Fonds consists of correspondence with lawyers, politicians and the Custodian's Office relating to the Kagetsu-Deep Bay Logging claim and a transcript of the claim hearing before the Royal Commission of Mr. Justice Bird into the claims for compensation, 1943-1954.
Fonds also contains films on various subjects including Buddhist ceremonies, the 1936 Olympics in Berlin; Japanese-Canadian visit to Vimy; and Kagetsu logging operations, 1917-1939. Titles include: Vimy pilgrimage; Buddhist ceremonies, Vancouver; American news items and Olympic visit; Kagetsu logging operations at Fanny Bay; Olympic games at Berlin...and Rhine River; Aviation: Royal Air Force pageant; and The King's birthday: trooping the colour. Also included are trailers for the films The early bird and the worm; Algiers; Felix in Hollywood; and Easy street. In addition, fonds includes excerpts from the films Wild puppies: an animal comedy; The night cry; The moose country; The Red Raiders; and We're in the Navy now.
Kagetsu, Eikichi, 1883-1967 : Eikichi Kagetsu was born in Wakayama-ken, Hidaka-gun, Yakawa-mura, Takara, Japan. After completing his schooling at the Yukawa Elementary school, he served with the Japanese Army in Manchuria during the Russo-Japanese war.
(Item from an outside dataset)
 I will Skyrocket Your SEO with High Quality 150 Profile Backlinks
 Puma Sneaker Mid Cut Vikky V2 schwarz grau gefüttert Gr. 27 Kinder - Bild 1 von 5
He immigrated to Canada in 1906, worked at various jobs prior to 1907 and then worked in a lumber camp. In 1907, he bought a tract of forest land and began an independent logging operation northwest of Vancouver. In 1912, a year after his marriage to Toyo Makomoto, his business failed during an economic recession. He returned to laboring in lumber camps.
In 1923 Mr. Kagetsu bought 300 acres of forest at Fanny Bay, Vancouver Island. His logging operation was continually expanded until the outbreak of World War II. Shortly after Canada declared war, Mr. Kagetsu was arrested and imprisoned, like thousands of other Japanese Canadians. His assets were seized in 1942 and held by the Custodian of Enemy Property. By this time he employed about 100 Japanese and Canadian workers. Until the evacuation, Mr. Kagetsu was a central figure in the Vancouver Japanese community. At the end of W.W. II, he resettled in Toronto and started a long and fruitless legal battle to seek equitable payment for his holdings which were sold at devalued prices by the Custodian of Enemy Property.